The answer is the line containing "Collier fleurs vertes - photo numéro 3" plus every line after it to the end of the material, retyped exactly and without the pictures.

■ Input data ■
§
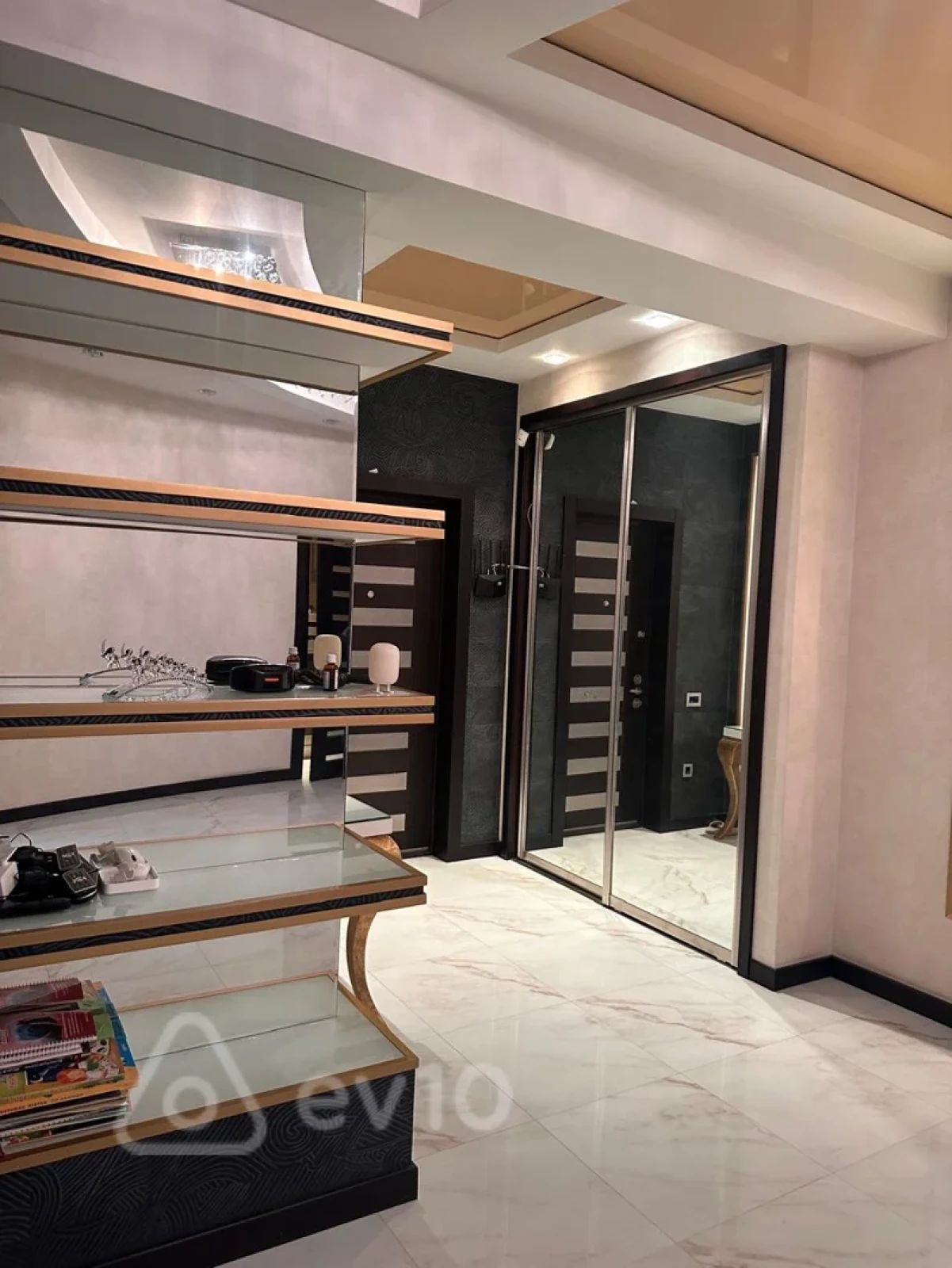 Satılır 4 otaqlı yeni tikili 200 m²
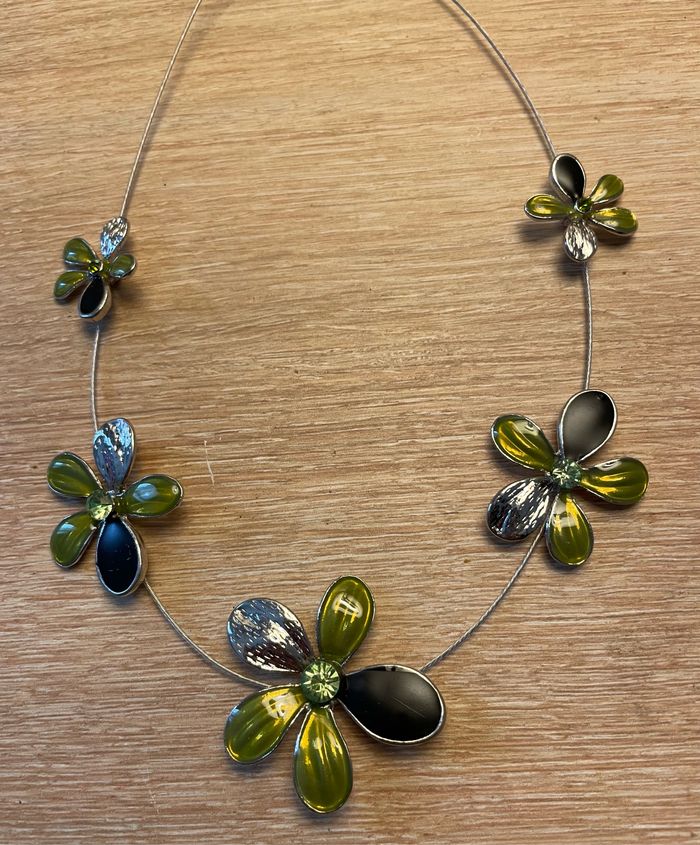 Collier fleurs vertes - photo numéro 3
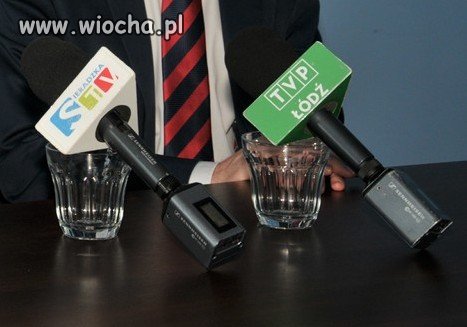 Mają telewizję, a nie stać na statywy 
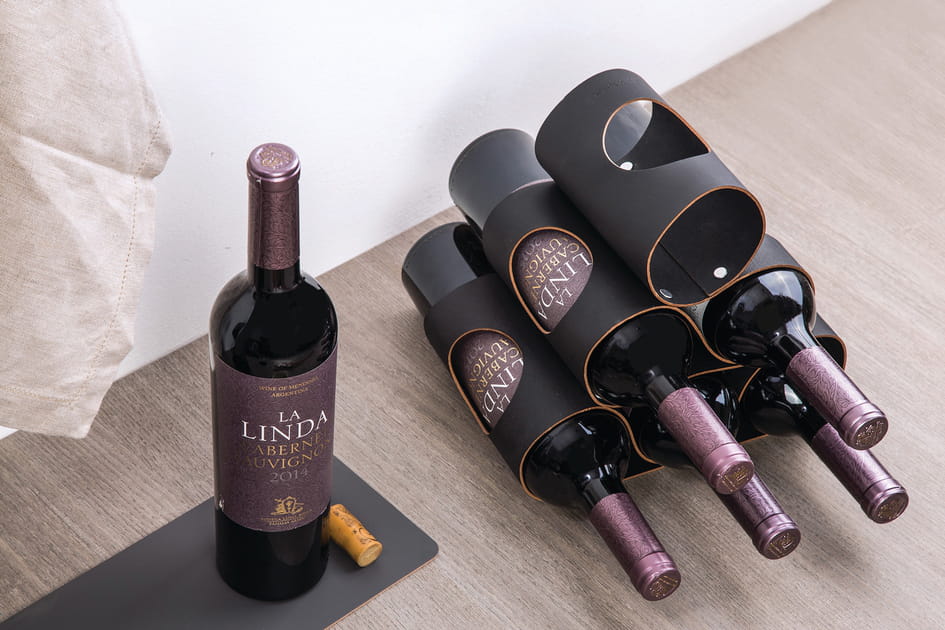 Un porte-bouteilles de vin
§
■ Response box ■
 Collier fleurs vertes - photo numéro 3
 Mają telewizję, a nie stać na statywy 
 Un porte-bouteilles de vin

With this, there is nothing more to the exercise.